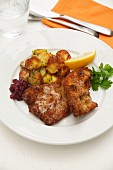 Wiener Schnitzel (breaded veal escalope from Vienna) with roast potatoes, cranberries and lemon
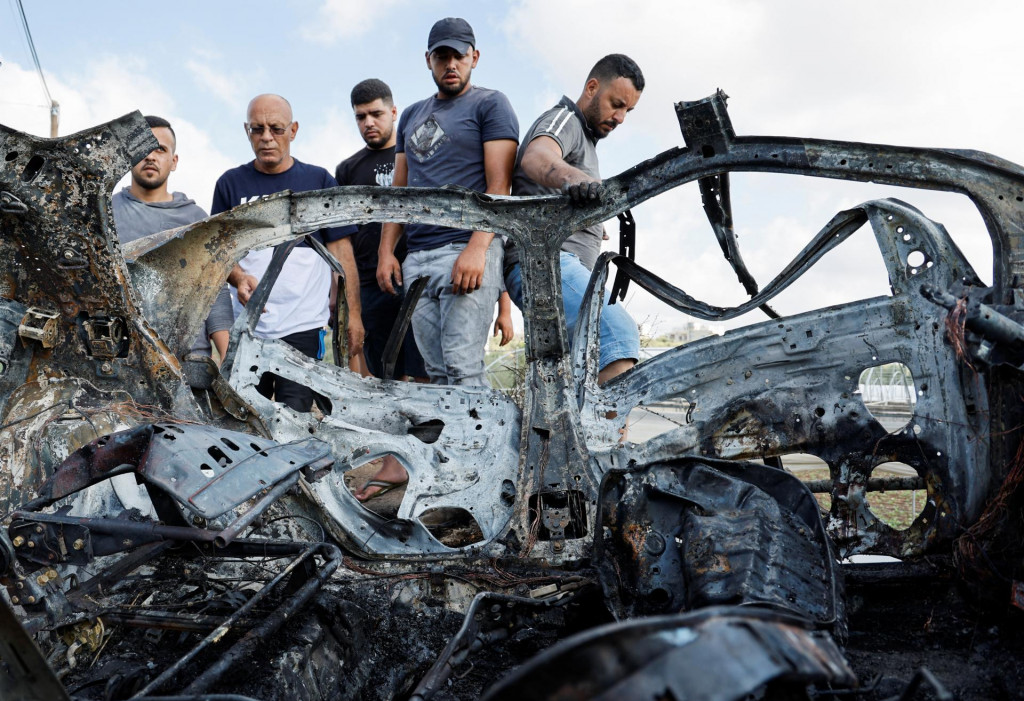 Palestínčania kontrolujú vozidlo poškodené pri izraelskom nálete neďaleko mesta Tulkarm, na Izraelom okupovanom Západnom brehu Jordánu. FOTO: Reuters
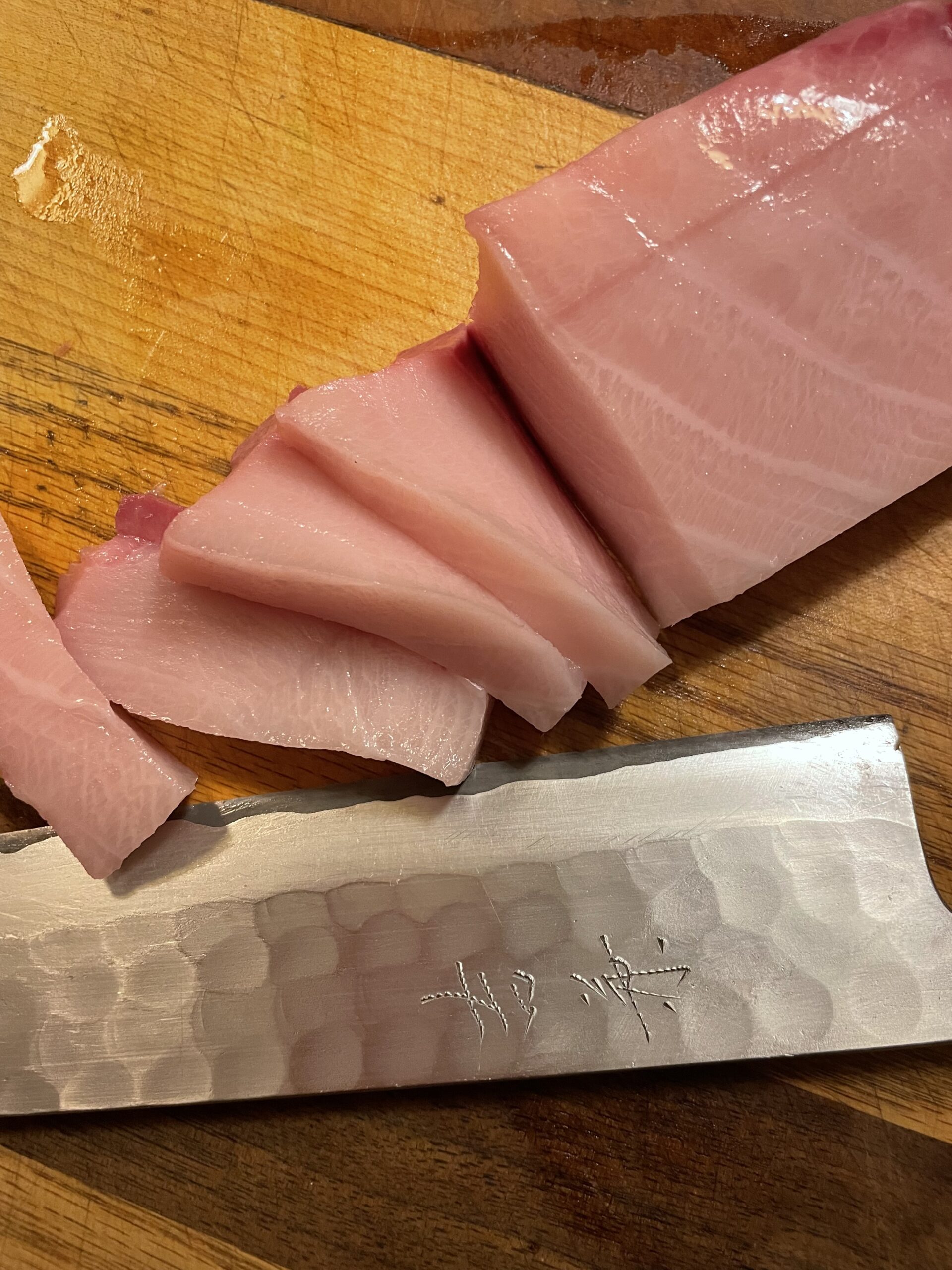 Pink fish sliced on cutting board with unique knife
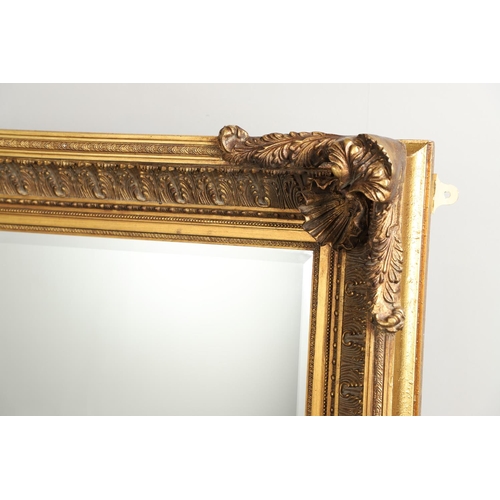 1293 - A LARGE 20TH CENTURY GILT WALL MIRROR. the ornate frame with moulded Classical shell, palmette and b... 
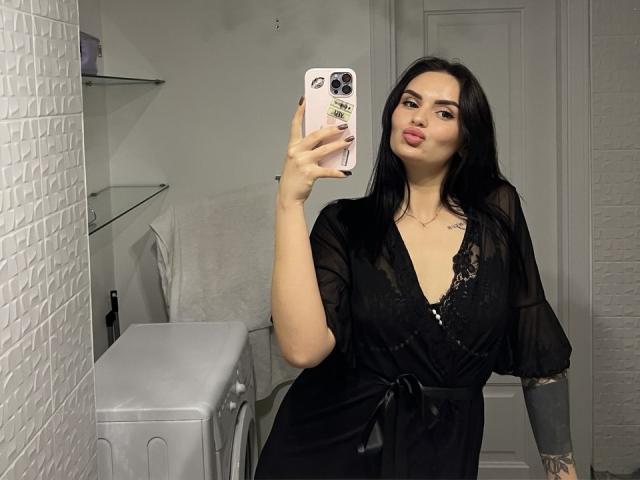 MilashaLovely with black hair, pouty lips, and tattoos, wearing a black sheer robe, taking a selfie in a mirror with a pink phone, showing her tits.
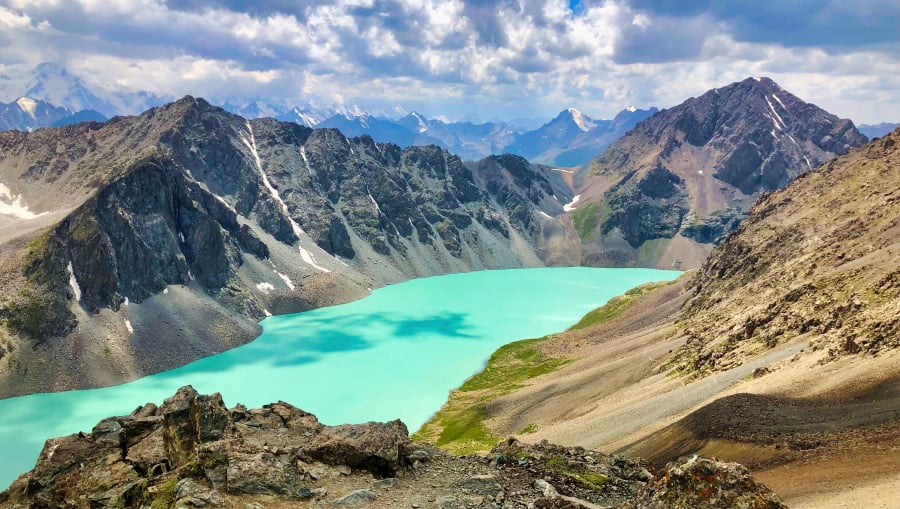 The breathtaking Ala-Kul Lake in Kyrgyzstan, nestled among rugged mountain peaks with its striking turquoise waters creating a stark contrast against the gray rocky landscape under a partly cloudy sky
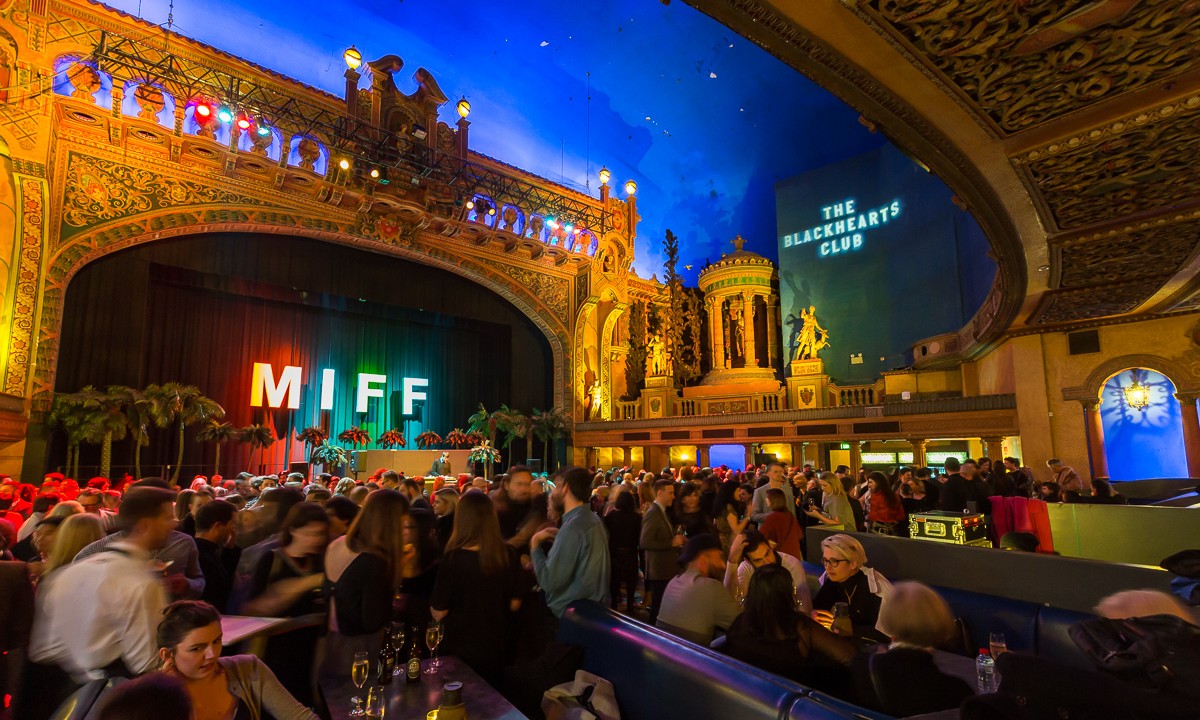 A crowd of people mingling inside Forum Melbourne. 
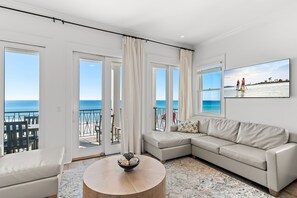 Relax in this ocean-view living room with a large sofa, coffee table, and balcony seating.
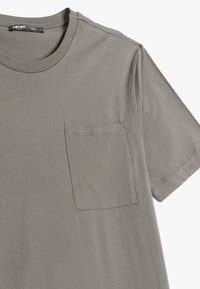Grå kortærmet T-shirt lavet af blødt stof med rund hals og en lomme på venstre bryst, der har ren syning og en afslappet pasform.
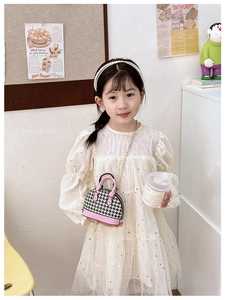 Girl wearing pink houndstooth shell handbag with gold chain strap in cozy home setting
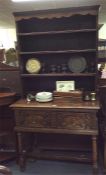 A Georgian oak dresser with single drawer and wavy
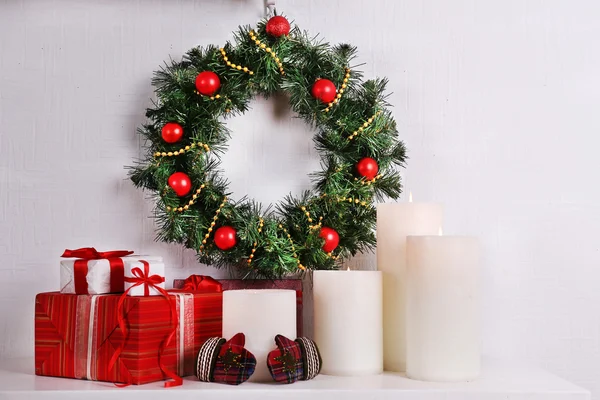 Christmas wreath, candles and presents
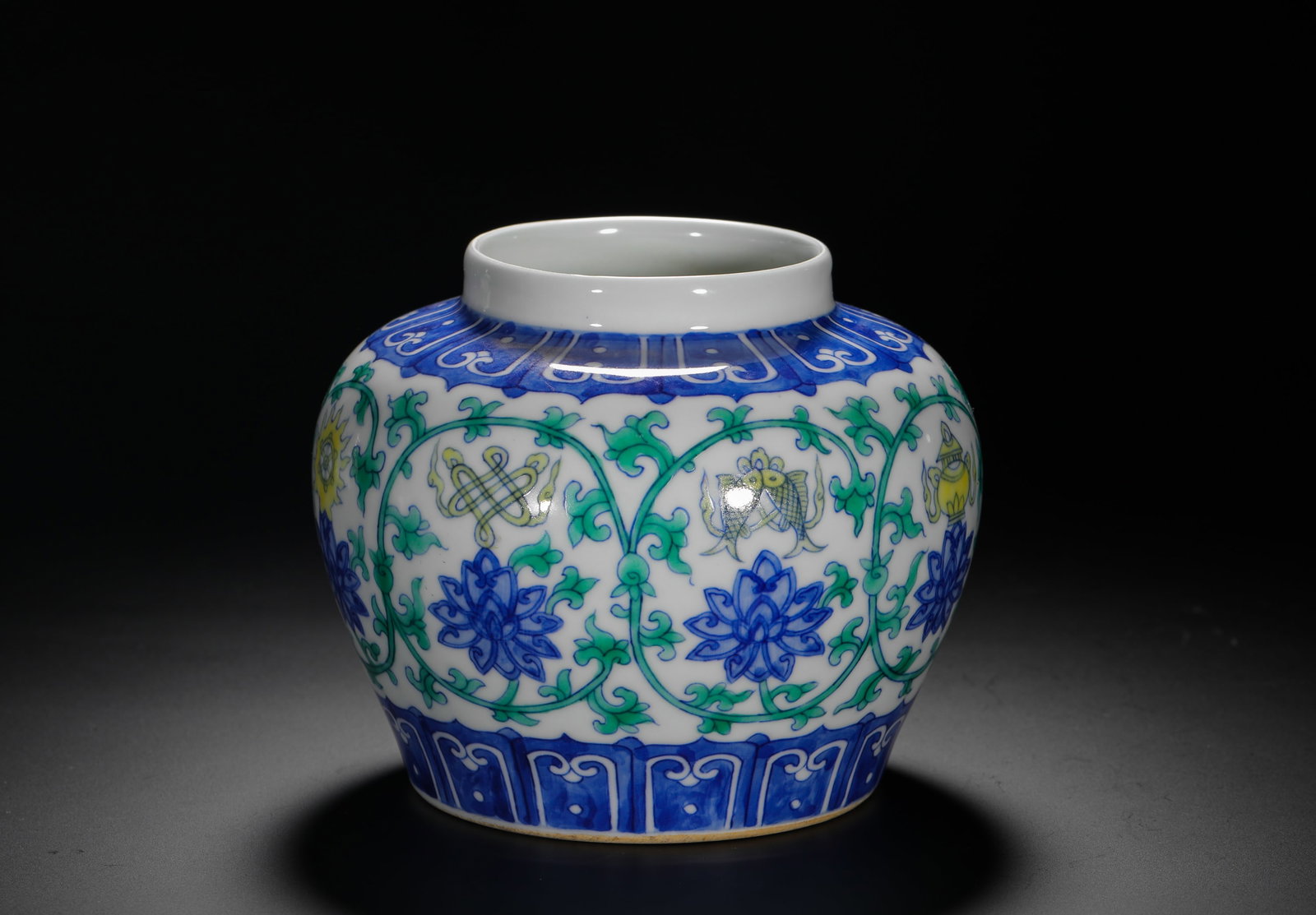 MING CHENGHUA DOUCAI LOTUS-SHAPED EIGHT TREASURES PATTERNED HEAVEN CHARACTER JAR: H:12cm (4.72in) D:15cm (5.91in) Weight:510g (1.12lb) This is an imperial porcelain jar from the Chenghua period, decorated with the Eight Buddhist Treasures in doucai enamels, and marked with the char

────

EXERCISE BRIEF: Go to the line above that contains "MilashaLovely with black" and reproduce everything exactly from there through the line that contains "Girl wearing pink", leaving out the pictures.

SOLUTION:
 MilashaLovely with black hair, pouty lips, and tattoos, wearing a black sheer robe, taking a selfie in a mirror with a pink phone, showing her tits.
 The breathtaking Ala-Kul Lake in Kyrgyzstan, nestled among rugged mountain peaks with its striking turquoise waters creating a stark contrast against the gray rocky landscape under a partly cloudy sky
 A crowd of people mingling inside Forum Melbourne. 
 Relax in this ocean-view living room with a large sofa, coffee table, and balcony seating.
Grå kortærmet T-shirt lavet af blødt stof med rund hals og en lomme på venstre bryst, der har ren syning og en afslappet pasform.
 Girl wearing pink houndstooth shell handbag with gold chain strap in cozy home setting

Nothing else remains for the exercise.